## PROBLEM DESCRIPTION
For this task, copy the data that follows exactly, keeping every character.

(AVAILABLE DATA Opens)

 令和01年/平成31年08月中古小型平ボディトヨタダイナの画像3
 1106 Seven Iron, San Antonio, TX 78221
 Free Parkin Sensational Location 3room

(AVAILABLE DATA Closes)

## RESPONSE TO THIS TASK
 令和01年/平成31年08月中古小型平ボディトヨタダイナの画像3
 1106 Seven Iron, San Antonio, TX 78221
 Free Parkin Sensational Location 3room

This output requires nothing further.